**Work request:** The answer must be a word-for-word copy of the records below, with every picture left out.

Collected data entries
--- --- ---
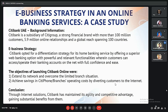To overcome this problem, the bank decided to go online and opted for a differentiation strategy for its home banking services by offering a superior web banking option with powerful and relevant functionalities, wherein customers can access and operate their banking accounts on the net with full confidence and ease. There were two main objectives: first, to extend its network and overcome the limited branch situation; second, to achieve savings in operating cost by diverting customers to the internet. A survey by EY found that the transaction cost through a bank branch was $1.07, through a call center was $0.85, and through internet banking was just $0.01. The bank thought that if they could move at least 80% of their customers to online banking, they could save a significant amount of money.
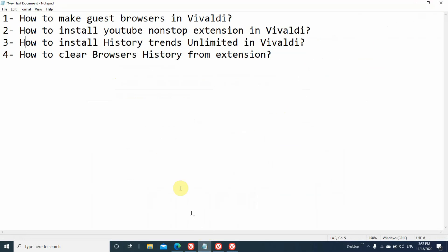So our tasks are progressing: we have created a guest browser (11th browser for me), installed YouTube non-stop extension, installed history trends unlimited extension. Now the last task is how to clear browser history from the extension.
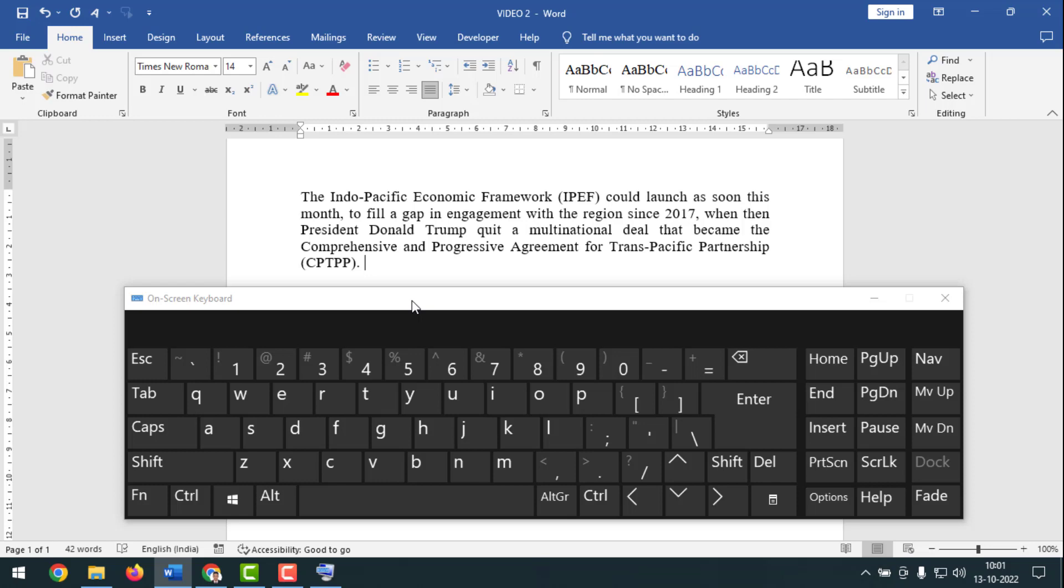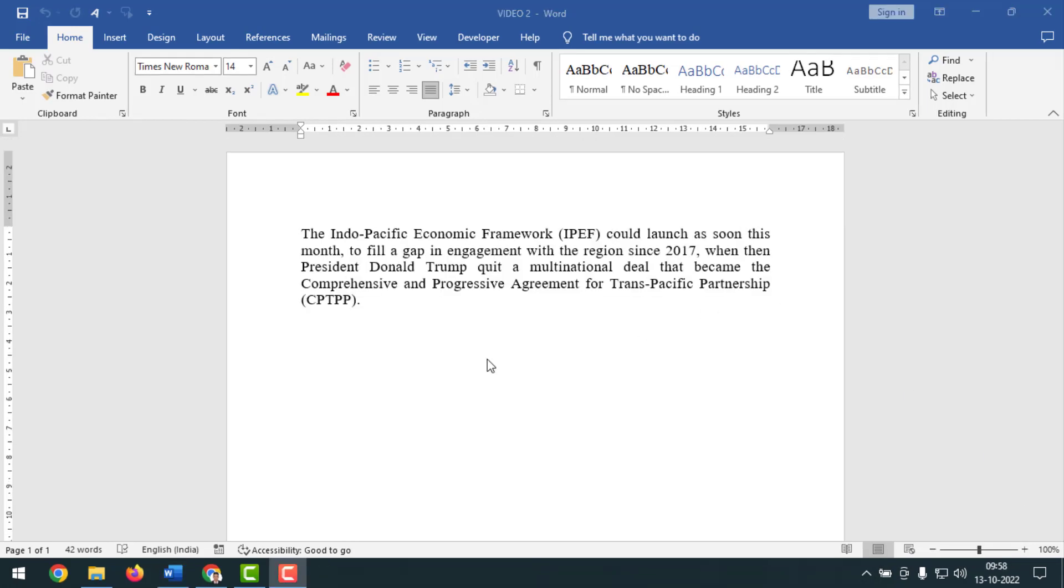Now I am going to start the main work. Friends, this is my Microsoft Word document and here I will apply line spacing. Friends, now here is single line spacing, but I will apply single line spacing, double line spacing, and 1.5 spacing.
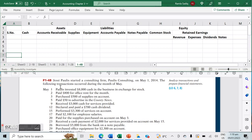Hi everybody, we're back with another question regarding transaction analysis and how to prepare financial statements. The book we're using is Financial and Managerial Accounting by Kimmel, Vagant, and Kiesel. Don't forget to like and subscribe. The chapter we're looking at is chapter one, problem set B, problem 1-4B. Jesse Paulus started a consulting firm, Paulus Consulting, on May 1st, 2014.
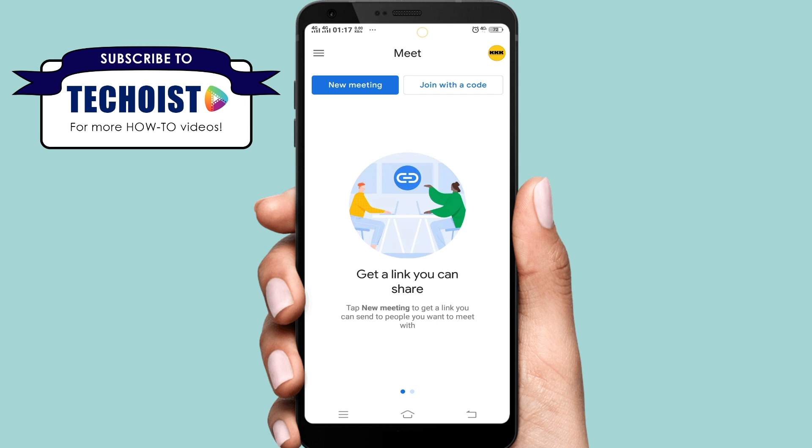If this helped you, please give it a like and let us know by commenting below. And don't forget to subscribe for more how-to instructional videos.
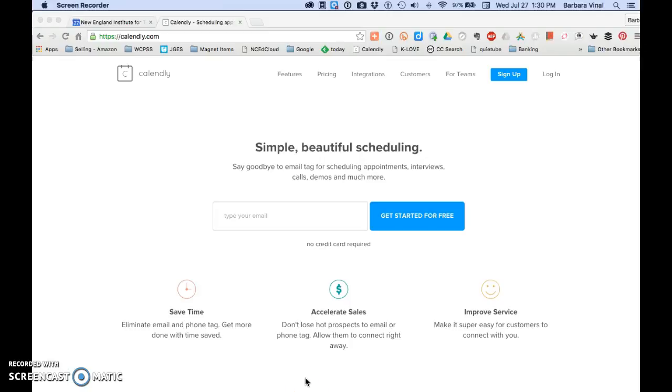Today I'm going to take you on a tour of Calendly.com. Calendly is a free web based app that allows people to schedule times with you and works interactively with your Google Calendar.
--- --- ---
**Solution to this problem:**
To overcome this problem, the bank decided to go online and opted for a differentiation strategy for its home banking services by offering a superior web banking option with powerful and relevant functionalities, wherein customers can access and operate their banking accounts on the net with full confidence and ease. There were two main objectives: first, to extend its network and overcome the limited branch situation; second, to achieve savings in operating cost by diverting customers to the internet. A survey by EY found that the transaction cost through a bank branch was $1.07, through a call center was $0.85, and through internet banking was just $0.01. The bank thought that if they could move at least 80% of their customers to online banking, they could save a significant amount of money.
So our tasks are progressing: we have created a guest browser (11th browser for me), installed YouTube non-stop extension, installed history trends unlimited extension. Now the last task is how to clear browser history from the extension.
Now I am going to start the main work. Friends, this is my Microsoft Word document and here I will apply line spacing. Friends, now here is single line spacing, but I will apply single line spacing, double line spacing, and 1.5 spacing.
Hi everybody, we're back with another question regarding transaction analysis and how to prepare financial statements. The book we're using is Financial and Managerial Accounting by Kimmel, Vagant, and Kiesel. Don't forget to like and subscribe. The chapter we're looking at is chapter one, problem set B, problem 1-4B. Jesse Paulus started a consulting firm, Paulus Consulting, on May 1st, 2014.
If this helped you, please give it a like and let us know by commenting below. And don't forget to subscribe for more how-to instructional videos.
Today I'm going to take you on a tour of Calendly.com. Calendly is a free web based app that allows people to schedule times with you and works interactively with your Google Calendar.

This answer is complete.